Вместо этого тогдашнее советское руководство спровоцировало кризис в ГДР, стравило различные группы в восточногерманском руководстве и просто «сдало» своего союзника. Что получили взамен?
В плане экономическом советское руководство получило прибыли «на копейку», а убытков на многие миллионы. Если даже с помощью односторонних уступок были решены какие-то экономические проблемы, то это дало очень ограниченный эффект. В плане политическом падение ГДР стало прецедентом перекройки границ в Европе после Второй мировой войны, что самым негативным образом отразилось, в том числе и на постсоветском пространстве.
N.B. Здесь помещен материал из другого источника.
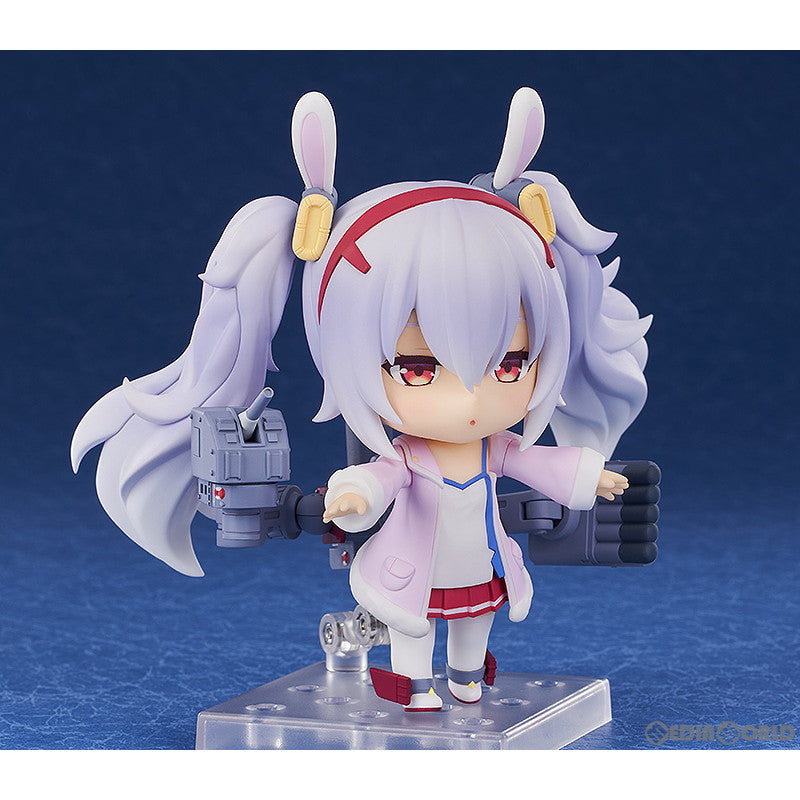 【新品即納】[FIG] (再販) ねんどろいど 1923-DX ラフィー DX アズールレーン 完成品 可動フィギュア グッドスマイルアーツ上海(20231122)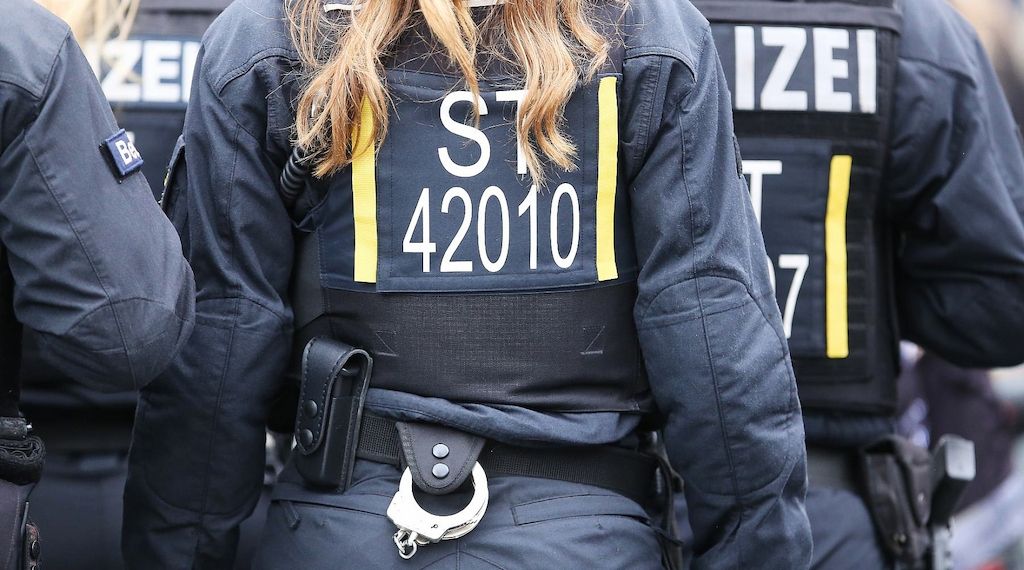 BKA ermittelt nach Drohnenvorfall im Saalekreis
Оглядываясь назад, нужно признать, что события в Восточной Германии и падение Берлинской стены не были безальтернативными. И не надо приводить тут банальных фраз про сослагательное наклонение в истории. Анализ фактуры говорит о том, что альтернативы в 1989 году были. Советская элита совершила в германском вопросе ту самую ошибку, которая по образному выражению Талейрана хуже преступления. И ошибка эта была мотивирована не какими-то вынужденными обстоятельствами, а определенными идеологическими заморочками.
Однако если бы дело было только в заморочках. Дело в другом: в том, что носители этих заморочек просто не понимали цену вопроса и правил игры. Им просто казалось, что достаточно сделать односторонние уступки, и они получат от Запада многочисленные преференции и пропуск в «семью цивилизованных народов». При этом они не знали, что односторонние уступки не могут быть пропуском в эту самую семью, а, наоборот, являются затруднением для него. Если люди даже не торгуются, имея на руках хорошие карты, то зачем считать их за равных?
Негативные последствия падения ГДР мы ощущаем до сих пор. В том числе – и в новом витке конфронтации России и Запада. Нынешние главные российские антизападные «ястребы» – это вчерашние ультра-западники, обманутые в своих иллюзиях. Возникает вопрос: способны ли мы извлечь уроки из прошлого, или обречены ходить по замкнутому кругу?